* Dataset *
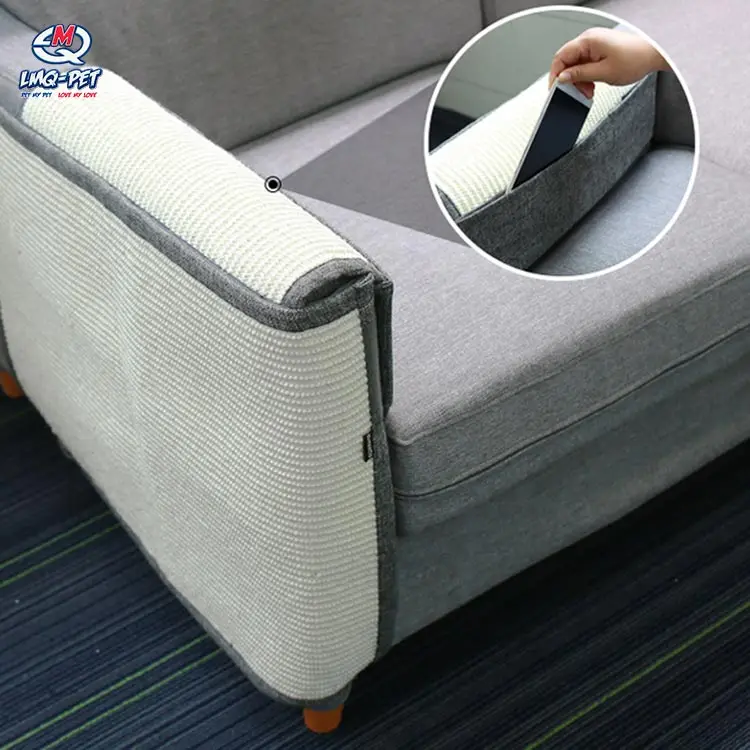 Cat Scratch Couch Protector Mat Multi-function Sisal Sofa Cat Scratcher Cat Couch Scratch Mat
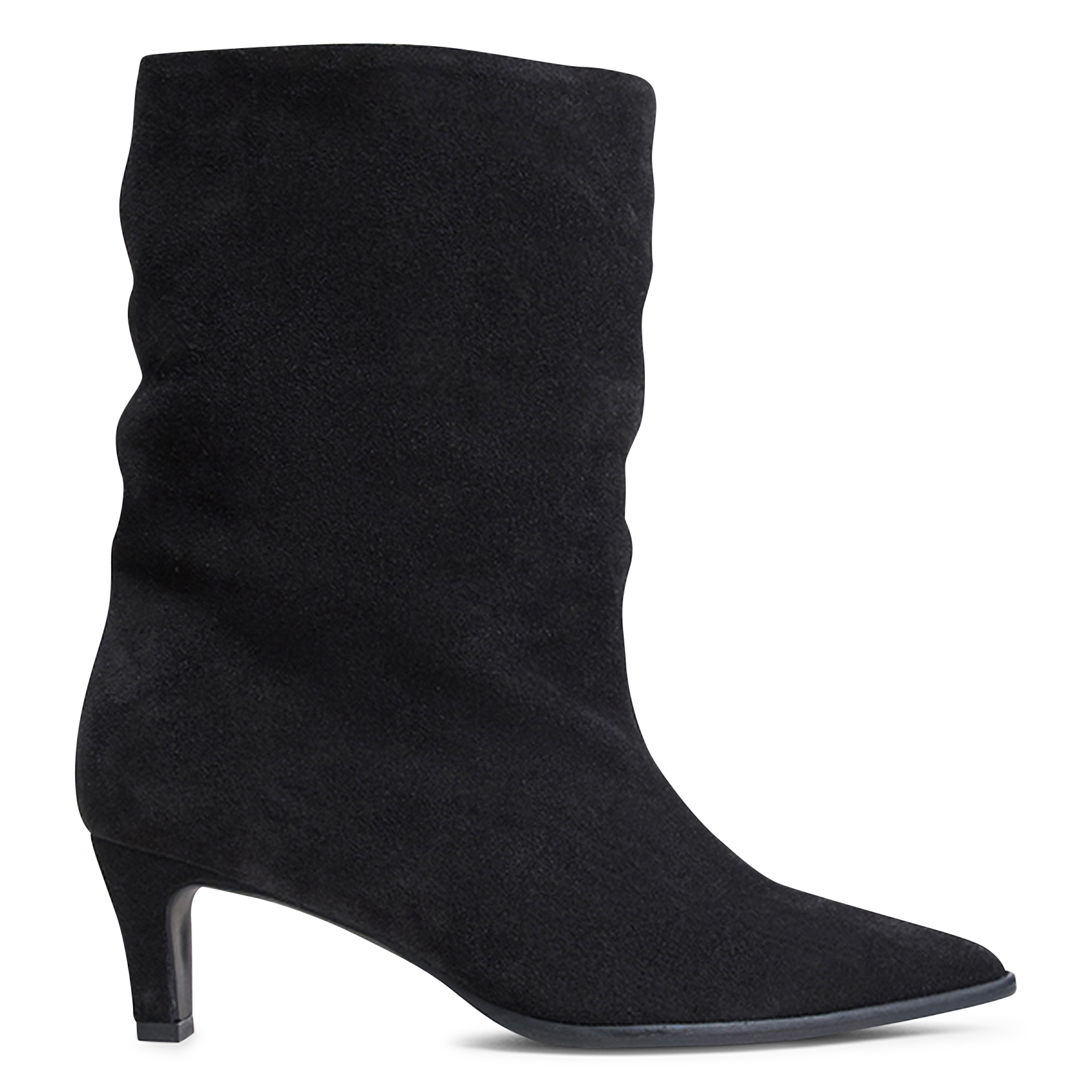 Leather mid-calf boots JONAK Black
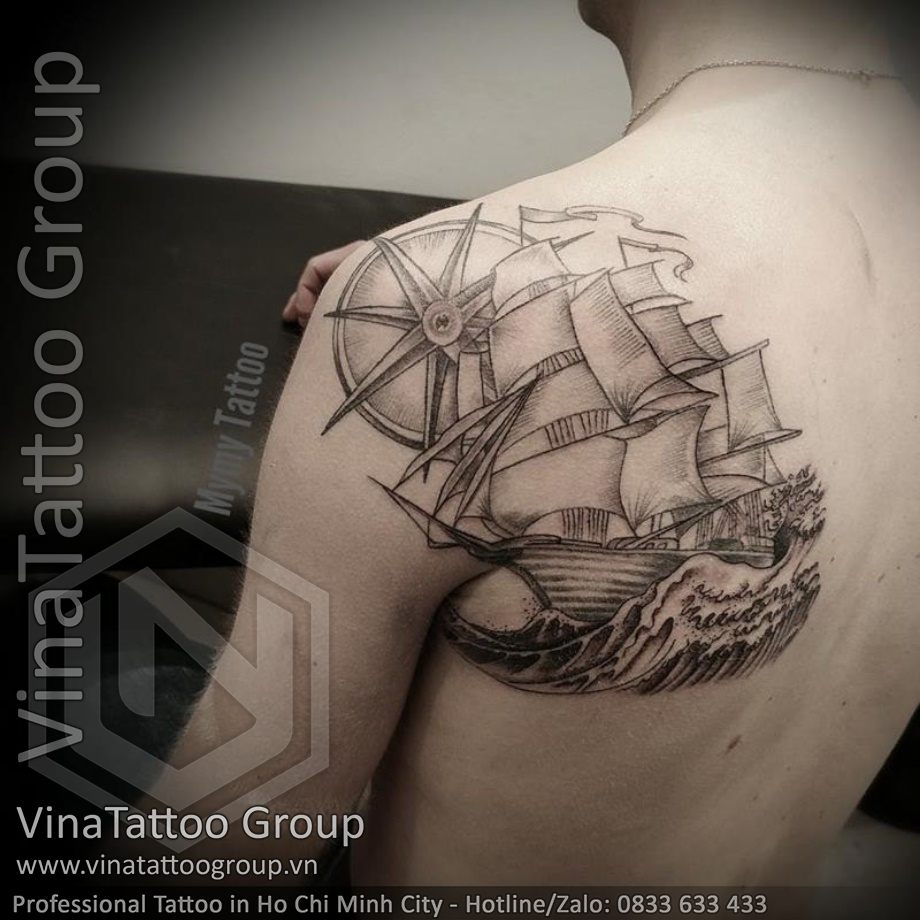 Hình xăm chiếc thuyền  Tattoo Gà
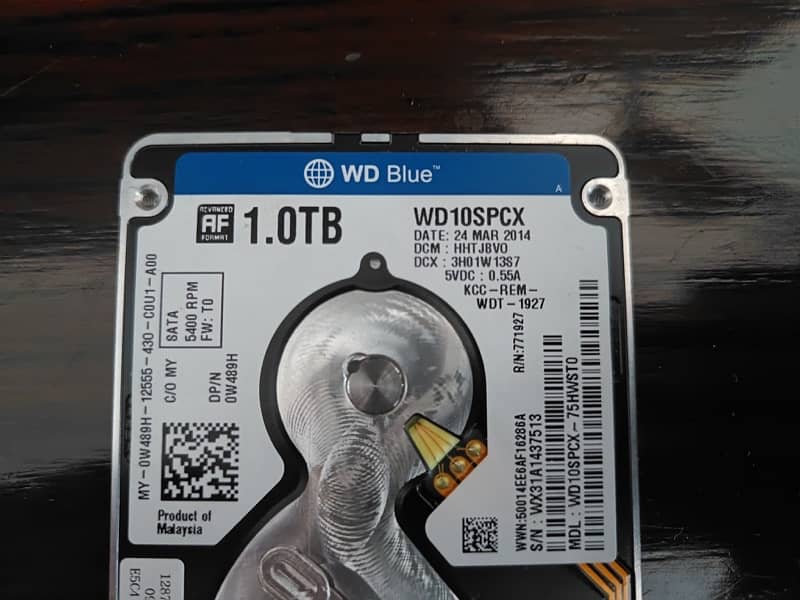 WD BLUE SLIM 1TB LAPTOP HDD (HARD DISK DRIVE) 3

==

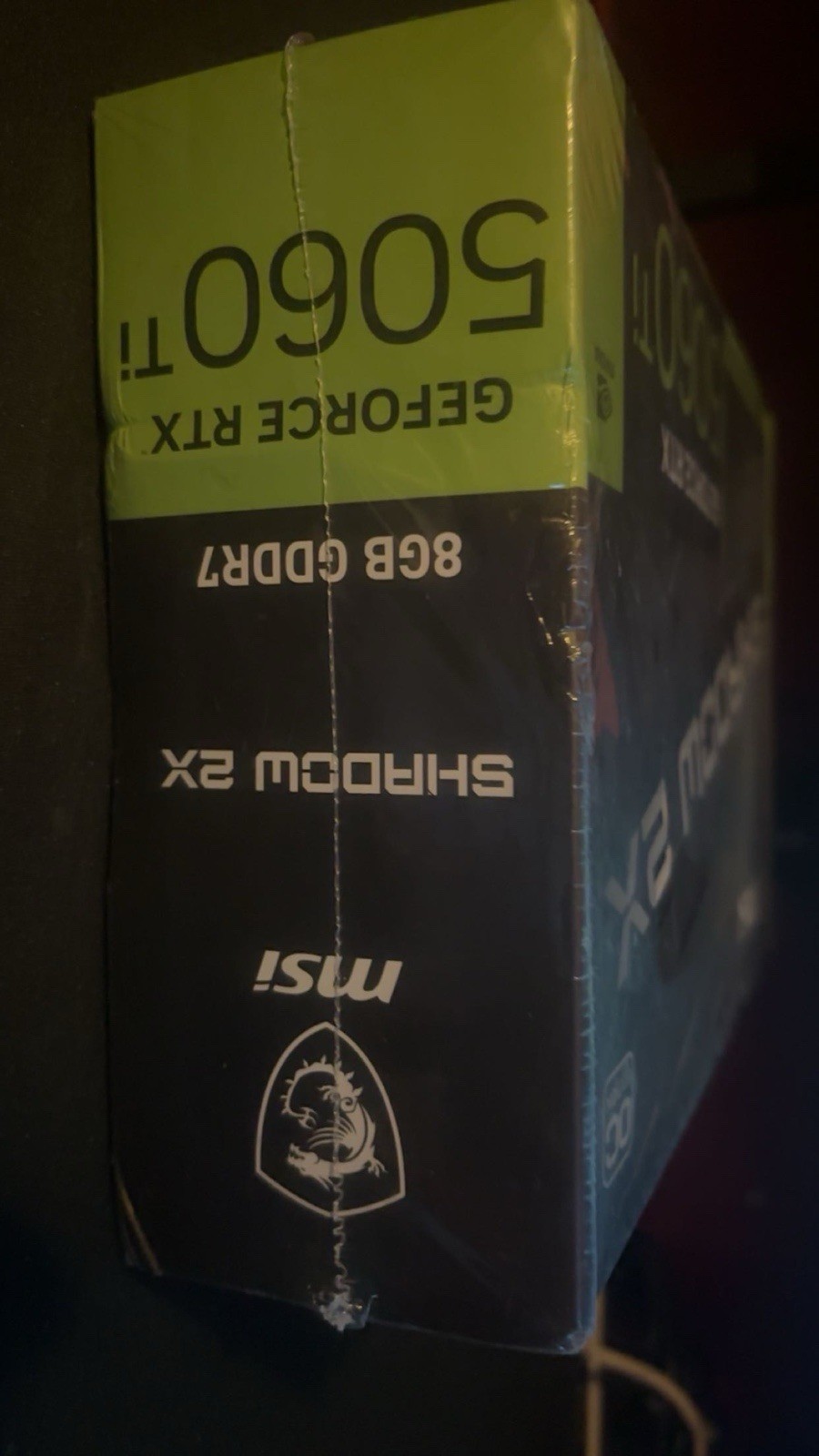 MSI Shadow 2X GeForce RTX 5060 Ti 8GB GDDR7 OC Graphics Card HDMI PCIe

* Your task *
With the pictures omitted, copy the entries above exactly from the line containing "Cat Scratch Couch" through the line containing "WD BLUE SLIM", both lines included.

* Result *
 Cat Scratch Couch Protector Mat Multi-function Sisal Sofa Cat Scratcher Cat Couch Scratch Mat
 Leather mid-calf boots JONAK Black
 Hình xăm chiếc thuyền  Tattoo Gà
 WD BLUE SLIM 1TB LAPTOP HDD (HARD DISK DRIVE) 3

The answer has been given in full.